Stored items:
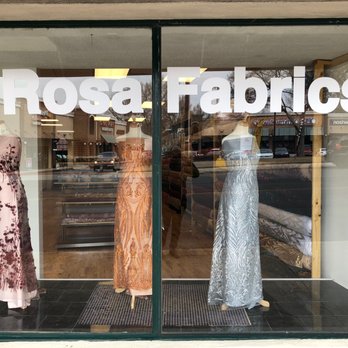 Rosa Fabrics Peachtree - Fabric Stores Near Me - Norcross, Georgia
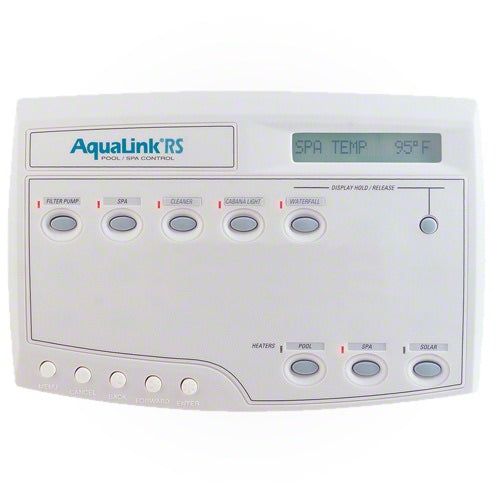 Jandy AquaLink RS PS6 All Button Control Panel 6888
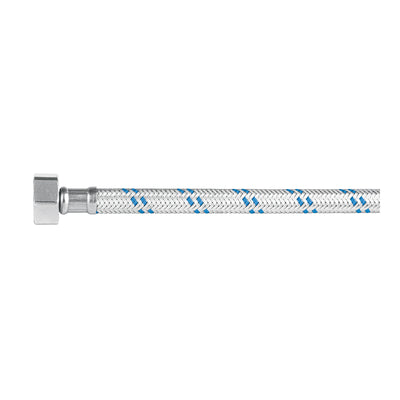 Manguera de hule, 55 cm, aluminio , usos generales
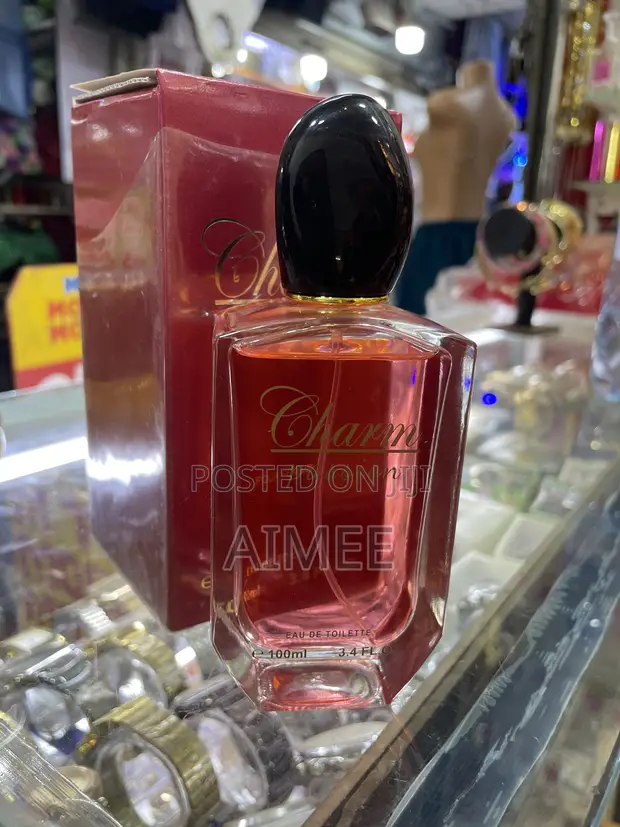 Parsion Perfume - Eau de Parfum - 1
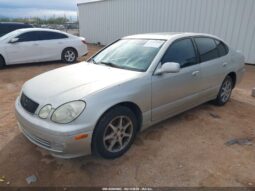 
										2000 Lexus Gs 300 full									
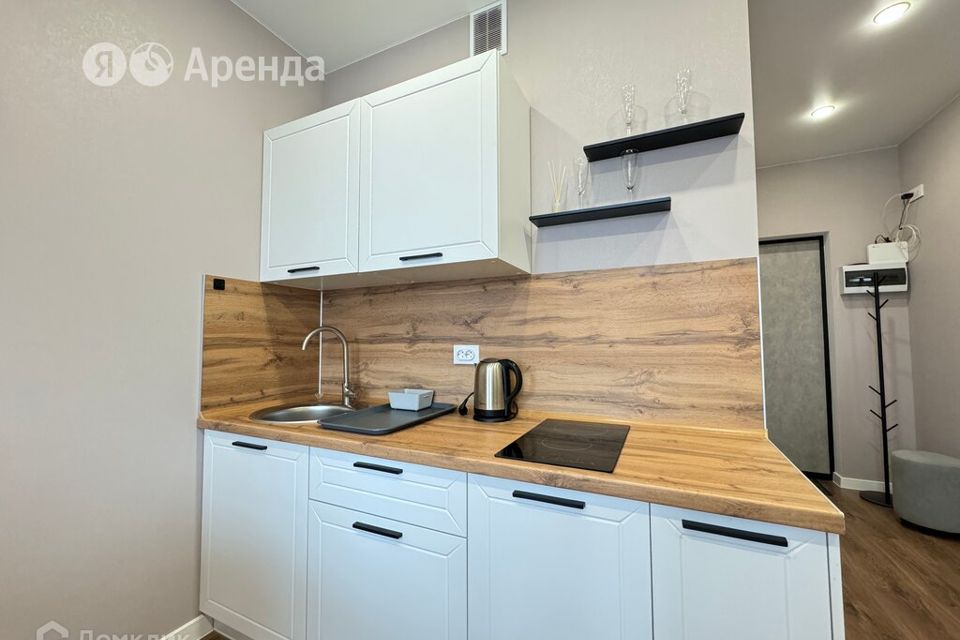 Сдаётся 1-комнатная квартира, 33 м²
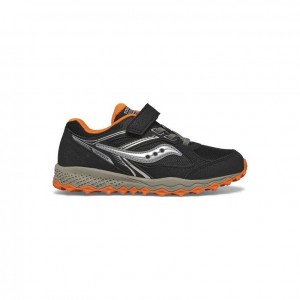 Saucony Cohesion TR14 A/C Big Kids' Sneakers Black | Jeddah KPWNF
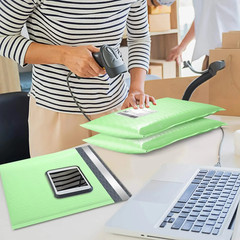 50PCS Colorful Shipping Envelopes Small Business US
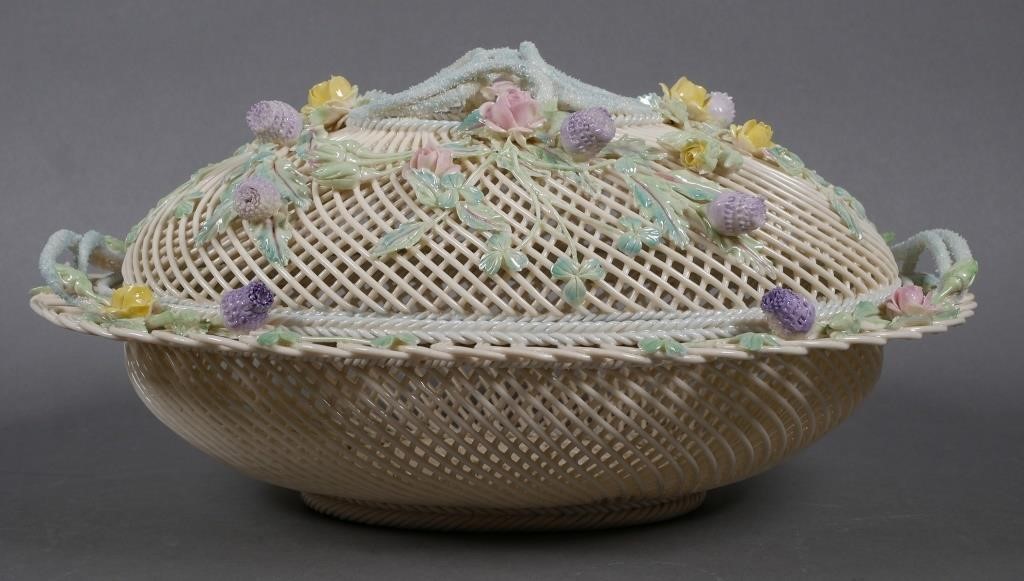 BELLEEK MASTERPIECE COLLECTION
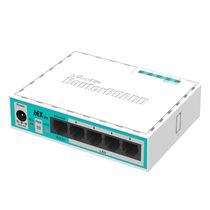 MikroTik hEX Lite router RB750r2 ROS System 5 ports router 100 megabytes Port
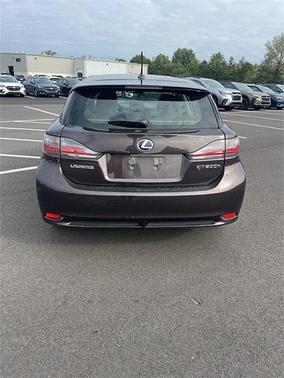 2012 Lexus CT 200h 200H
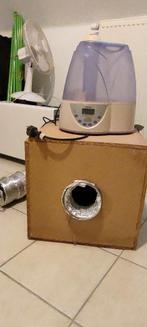 Culture horticole, Jardin & Terrasse, Enlèvement, Comme neuf, Tente de culture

» Work task
From the data above, return exactly the lines from the one with "Сдаётся 1-комнатная квартира, 33 м²" up to and including the one with "2012 Lexus CT 200h 200H". Pictures do not go in the copy.

» Solution to this problem
 Сдаётся 1-комнатная квартира, 33 м²
 Saucony Cohesion TR14 A/C Big Kids' Sneakers Black | Jeddah KPWNF
 50PCS Colorful Shipping Envelopes Small Business US
 BELLEEK MASTERPIECE COLLECTION
 MikroTik hEX Lite router RB750r2 ROS System 5 ports router 100 megabytes Port
 2012 Lexus CT 200h 200H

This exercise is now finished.